Nous vivons dans une société médiatisée autour de la peur de l’autre ; la différence est un thème qui ne cesse de nous envahir notre quotidien au point que les gens ne prennent plus le temps d’écouter ni même de regarder autour d’eux.
Imperturbables, ils s’enferment dans une bulle où ils se réfugient et suivent leurs chemins sans se soucier de leur environnement. Sans fondement réel, la peur de la l’incompréhensibilité de la différence oblige la majeure partie de la population à s’isoler dans un monde plus sur qu’elle se sera forgé elle-même, répondant ainsi à ses attentes. Néanmoins, l’homme à besoin de contact avec autrui et tout geste, même agressif, devient un moyen de communiquer.
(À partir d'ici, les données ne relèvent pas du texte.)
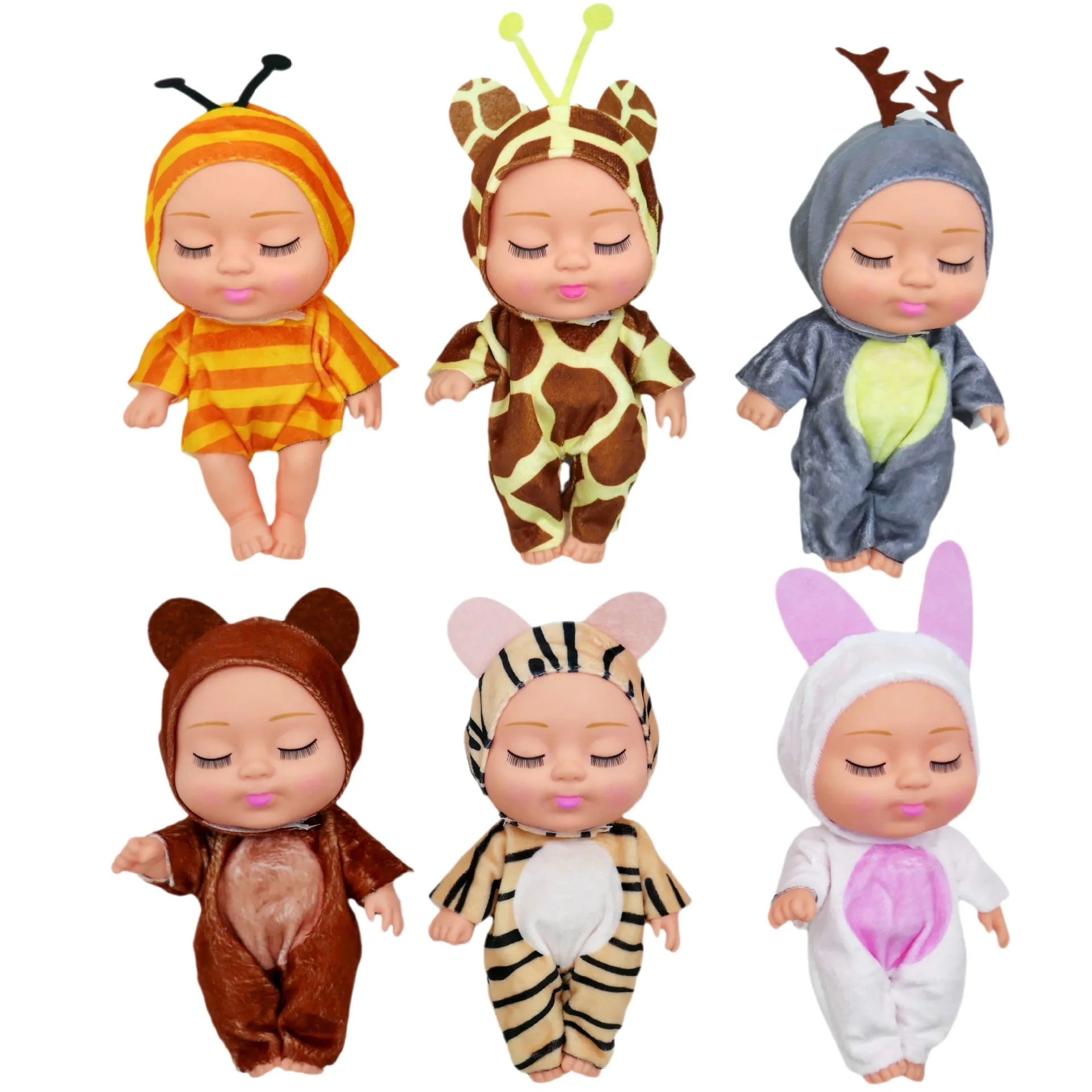 19cm Śliczna lalka do spania Model zabawki Kreskówka Jednorożec Królik Zwierzę BJD Baby Reborn Doll Will Cry And Laugh Interaktywna zabawka dla niemowląt Prezenty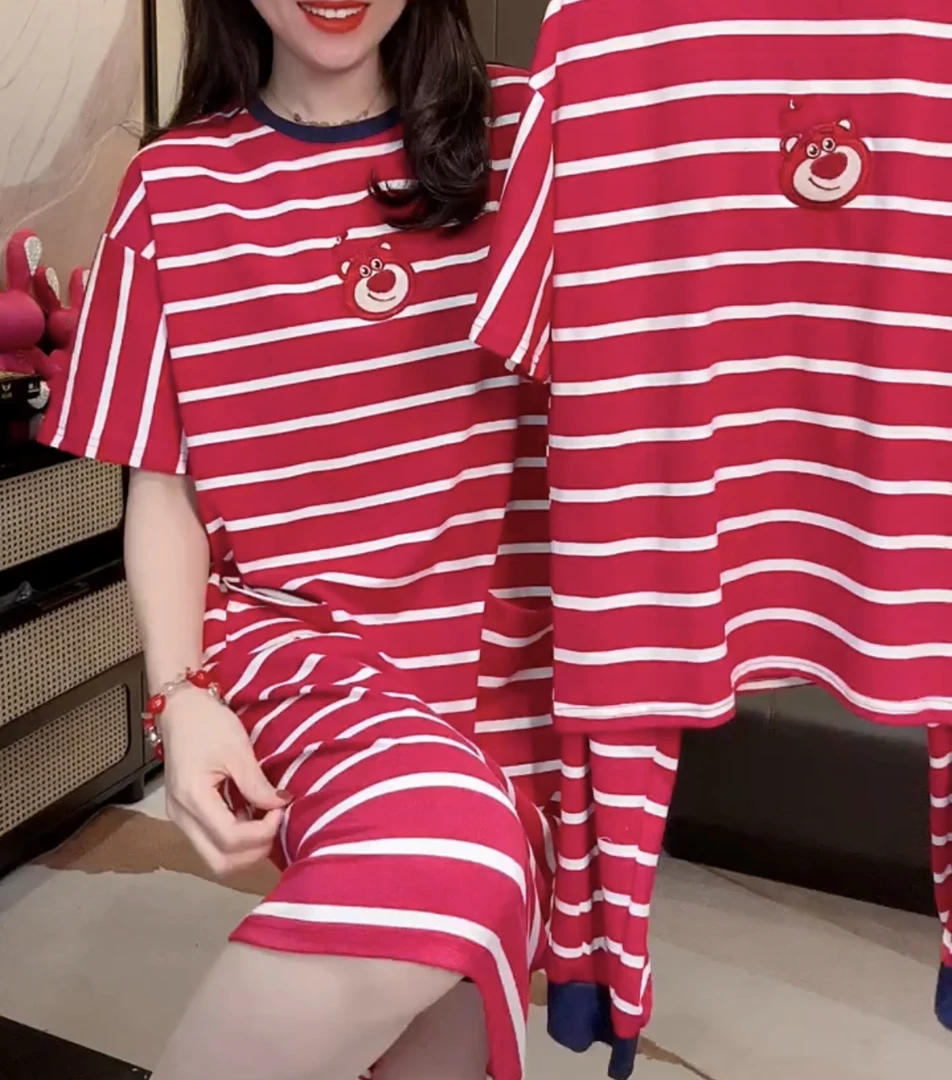新年款条纹小熊家居服【两个版本】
On se court après, on se rejette, toute notre vie tourne autour d’un déplacement plus ou moins assumé avec la difficulté du premier pas qui doit lancer la machine, nous éloignant ou nous rapprochant de ce que l’on désire.

Paralysé par notre langage, seul le corps et la musique nous procurent un langage universel qui réunit l’ensemble des hommes.

A travers mon projet, j’essaye de montrer toute la beauté que referme ces corps qui s’enferment, qui se confinent sans jamais se rendre compte de leur resplendissement et forment un ensemble à la fois divers et complémentaire."